Di AMS-B saya pelajar sedang saja. Masih
orang Cina yang jadi nomor satu. Memang, di AMS-B Yogya itu, kebanyakan
orang Cina. Tapi dalam pelajaran Aljabar, saya nomor satu. Di sana ada
sistem, sewaktu-waktu kami disuruh ke depan kelas untuk mencoba
mengajar. Misalnya untuk pelajaran llmu Tata Negara dan Sejarah. Pelajar
diajar agar punya inisiatif, tidak hanya sebagai alat mati. Memang
berbeda dengan zaman sekarang. Guru-guru kami tua-tua semua dan sarjana
semua. Rata-rata doktor dan insinyur. Jarang yang satu titel. Kebanyakan
dua atau tiga titel. Usia mereka rata-rata di atas 40 tahun.

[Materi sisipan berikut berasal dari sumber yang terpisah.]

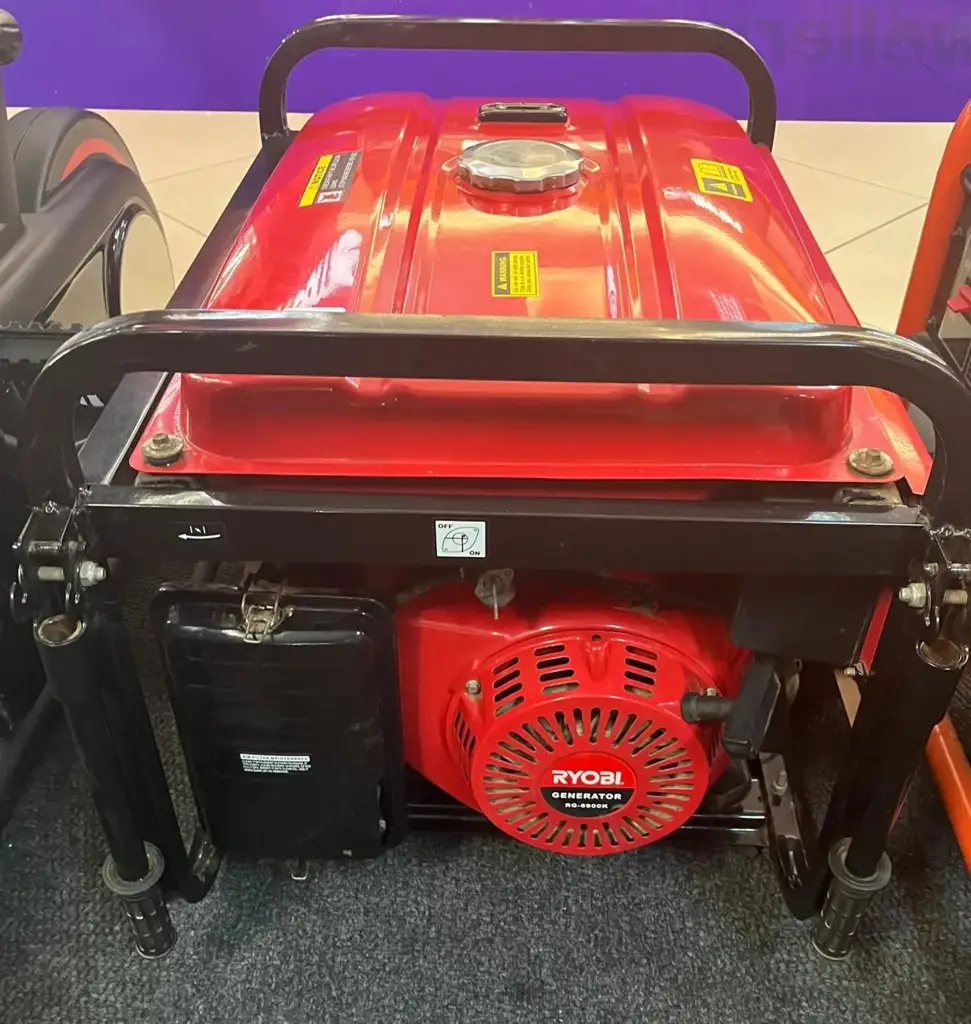 Ryobi Rg-6900K Generator - View 3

Di AMS-B itu, perasaan kebangsaan tetap
ada, walaupun tidak ada perkumpulan tertentu. Kami sering diskusidiskusi
antarteman, termasuk teman dari Parindra. Kami sering mencemoohkan
Belanda. Di AMS itu kami punya semangat tidak mau kalah dengan Belanda.
Kita tak mau kalah angka dengan pelajar Belanda, sungguhpun dalam bahasa
Belanda. Jadi, boleh dikatakan, belum terorganisasi secara nasional.

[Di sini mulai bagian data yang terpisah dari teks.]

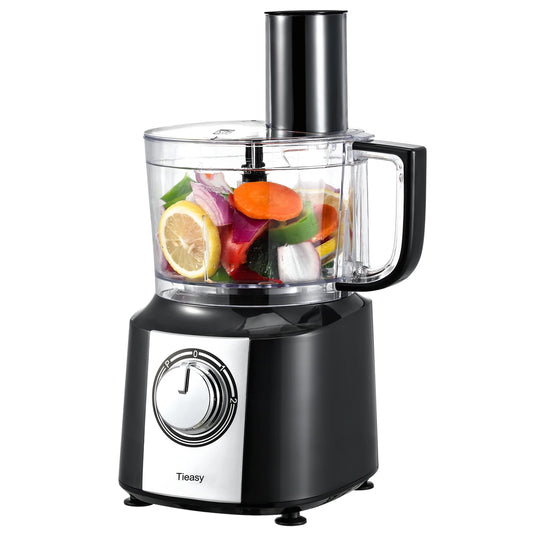 TopStrong Five In One Electric Food Processor 600W BPA Free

Tapi pada umumnya perasaan nasional berkembang. Jadi, betul kata Bung
Karno dalam Manipol itu, bahwa kemerdekaan itu adalah conscious men.
Fitrah manusia.
Dalam pelajaran sejarah di AMS itu,
walaupun gurunya Belanda, mereka tidak menjelek-jelekkan pergerakan
nasional Indonesia. Disebutkan adanya Parindra, Taman Siswa, tapi mereka
tak menjelekkan. Termasuk tidak menjelekkan Bung Karno. Saya di AMS
hanya sampai kelas 2, karena Jepang masuk.

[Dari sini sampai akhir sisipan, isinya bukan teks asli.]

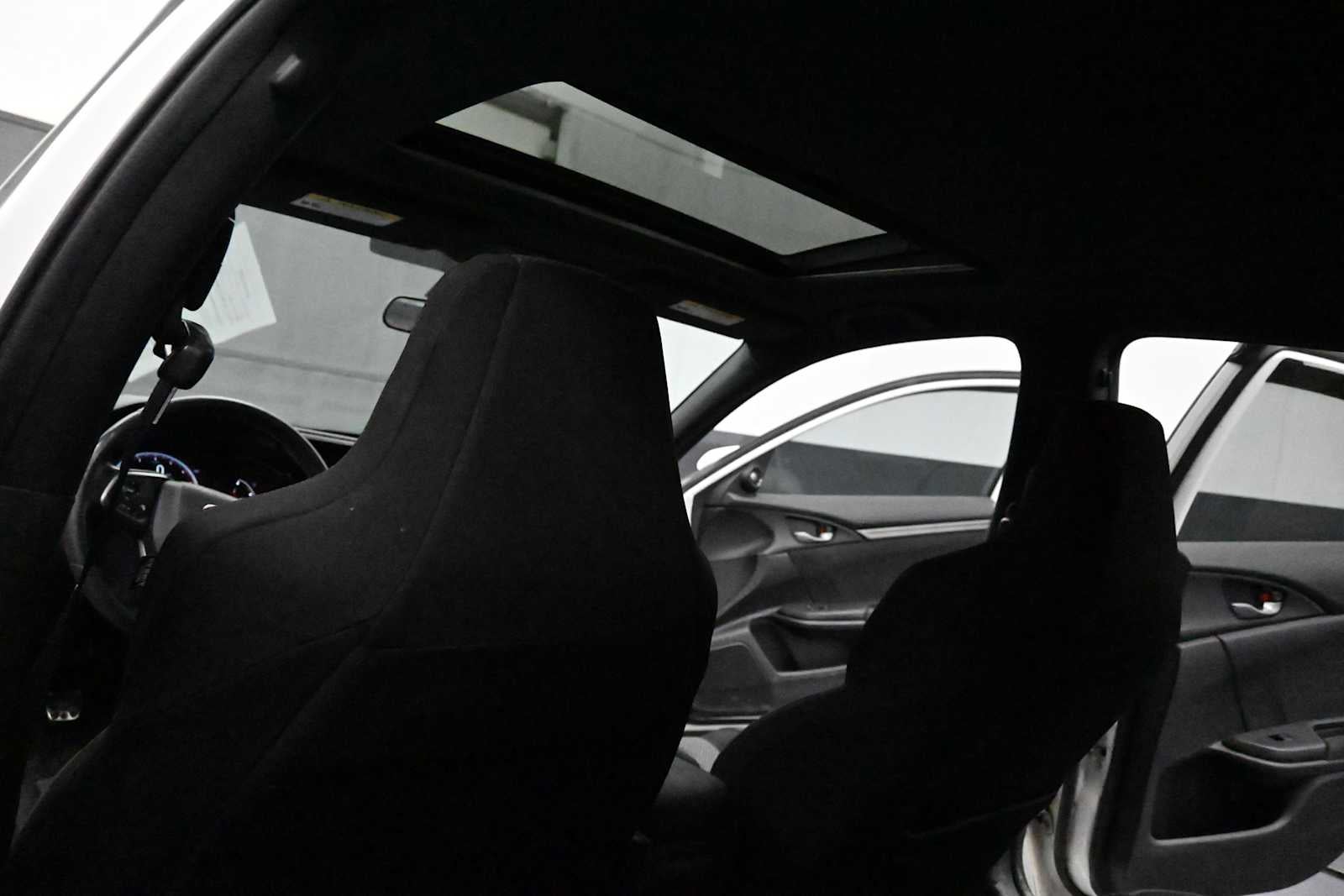 2019 Honda Civic Si Sedan Base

Ada teman saya di AMS-B, lain kelas,
Pawoko namanya, yang tinggal di Gowongan Kidul, bilang, “Kif, ini Jepang
ada buka latihan untuk pemuda. Bagaimana Kif, daripada kita ini anak
muda tidak kerja dan sekolah tidak buka, kita ikut saja.” Saya lupa
waktunya. Ya, sekitar tahun 1942. Jepang baru 1-2 bulan di situ. Umur
saya sekitar 18-19 tahun. Saya lalu ikut. Namanya Seinen Kurenso. Tempat
Latihan Pemuda. Pesertanya banyak dari AMS dan MULO. Di situ kami
diberi pelajaran pokok-pokok kemiliteran.